I definitely think, though, that a convention game and introduction to the world of Vaesen might do better without a prelude in the castle. Indeed, I am inclined to make mine a sort of prequel whenin three or more investigators meet of rather first time, drawn by different routes to the same mystery, and each coming pre-equipped with different clues, that they can share with each other.

I was really pleased with how the Journey went, with each player recounting an atmospheric scene to earn their advantage. Ghostly figures seen while lifting the cart’s axle, pages of textbooks that disappeared … the players really fell into the spirit of the game with very little prompting.

Other GMing thoughts, the different games have rules variations that mean after you have played a lot of them you find yourself wondering “how does grapple work in this game?” I am pleased I paused to check.

What actually happened *spoilers*

When the players arrived at the Witch Cat Inn and met the private detective Olaus Klint, who had sent them the mysterious note, they were eager, not just to get into the warmth of the inn but also to take rooms upstairs a get get dry. So they did not quiz the other guests for clues. Upstairs they took the opportunity to check out the other rooms, and so quickly found Nora’s Journal, which provided them with most of the clues they needed to understand the nature of Oscar Hjort.

This was the moment I decided to bring the players attention to the Countdown, buy having the innkeeper, Sami, wailing in horror as his customers fell asleep. (I failed the have the players roll for fear, as I should have done, at the sight of this mass narcolepsy). They confronted Sami (at last) with the playbill for Sophie’s shadowplay, so Sami raged, took Sophie into the kitchen to scold her and slap her, at which point she ran out of the kitchen and up to her attic.
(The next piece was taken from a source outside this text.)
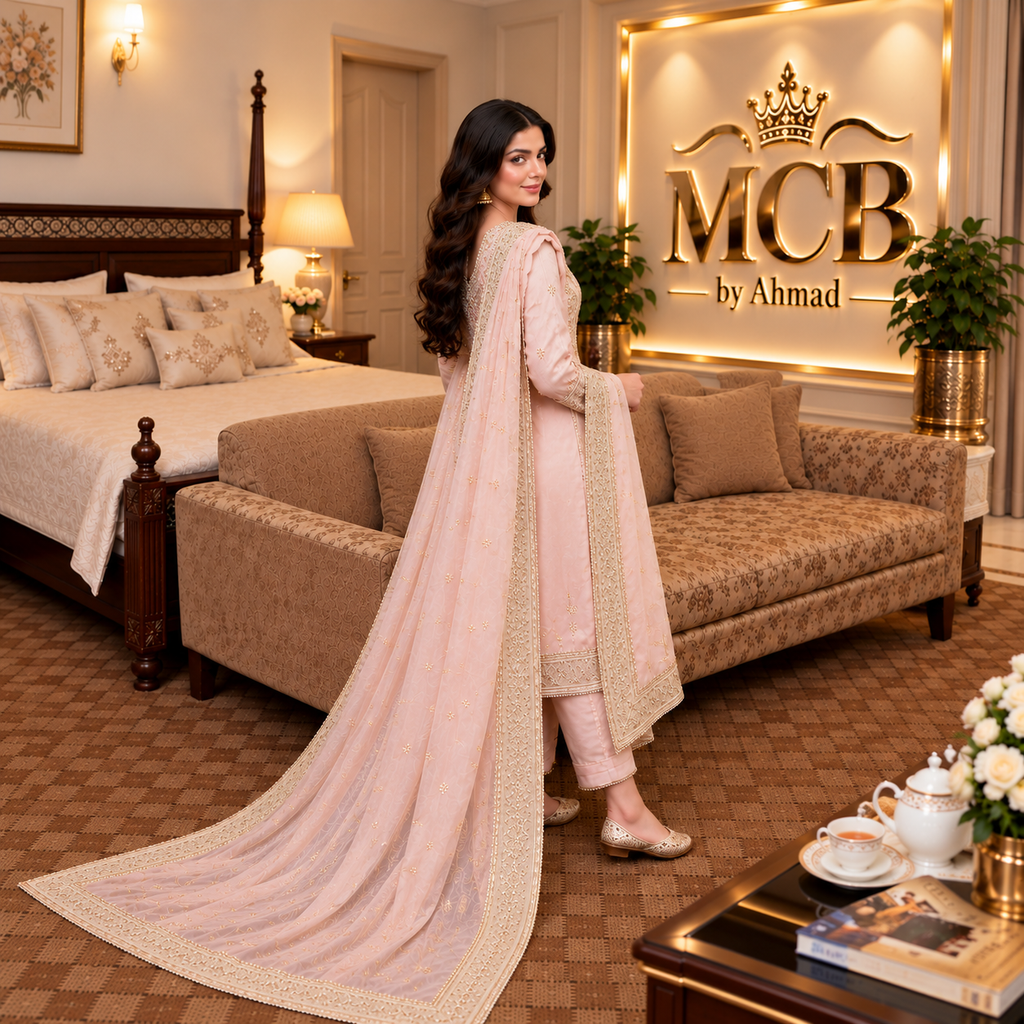 Blush Pink Royal Embroidered 3-Piece Suit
Which act prompted the most wonderful reaction from the players: the party split up!

Not only did they split up, they went to all the right places. Prof. Brugge (Craig) sent West, his servant (Jase) to investigate the Orangery while he himself investigated the Root Cellar. Nicolas (Thom) followed Sophie up into the attic while Frank Linden (Tom) stayed with Sami. The dominos were all in the perfect places.

So, we started with the Shadowplay. Sophie suggested that Niclas watch her rehearsal, and in her sweet voice started to narrate Oscar’s story as she turned the clockwork. Her voice slowly became rougher until Oscar himself appeared from behind her screen and accused Niclas of his murder. Niclas failed a fear roll and panics, flinging himself down the ladder (for an old man however, he is mobile, and did not hurt himself).

Cut to Prof. Brugge, who broke into the root cellar to be confronted by a horrific vision of a rotting cave, and a vision of Oscar’s murder. His fear roll succeeded. West, sees the sleeping patrons of the inn coming out to attack the professor and tries to grapple one of them.

Meanwhile Franz realises that Sami is somehow possessed and has to stop him hanging himself.

Niclas, stumbling out of the house sees his friends seemingly attacked by the sleepwalkers. Rolls for Fear and fails again. Rather than flight, he choose a fight response and stabs one of the sleepwalkers, the priest.

Then using his advantage the Professor removers what was on a disappeared page on the journey here. A prayer against enchantment. I wasn’t sure how to handle this, rules as written, but in the last few seconds of the session, citing Maximum Game Fun I let him make a roll and he succeeded. (Perhaps a pro would have made him wait ’till the next session.)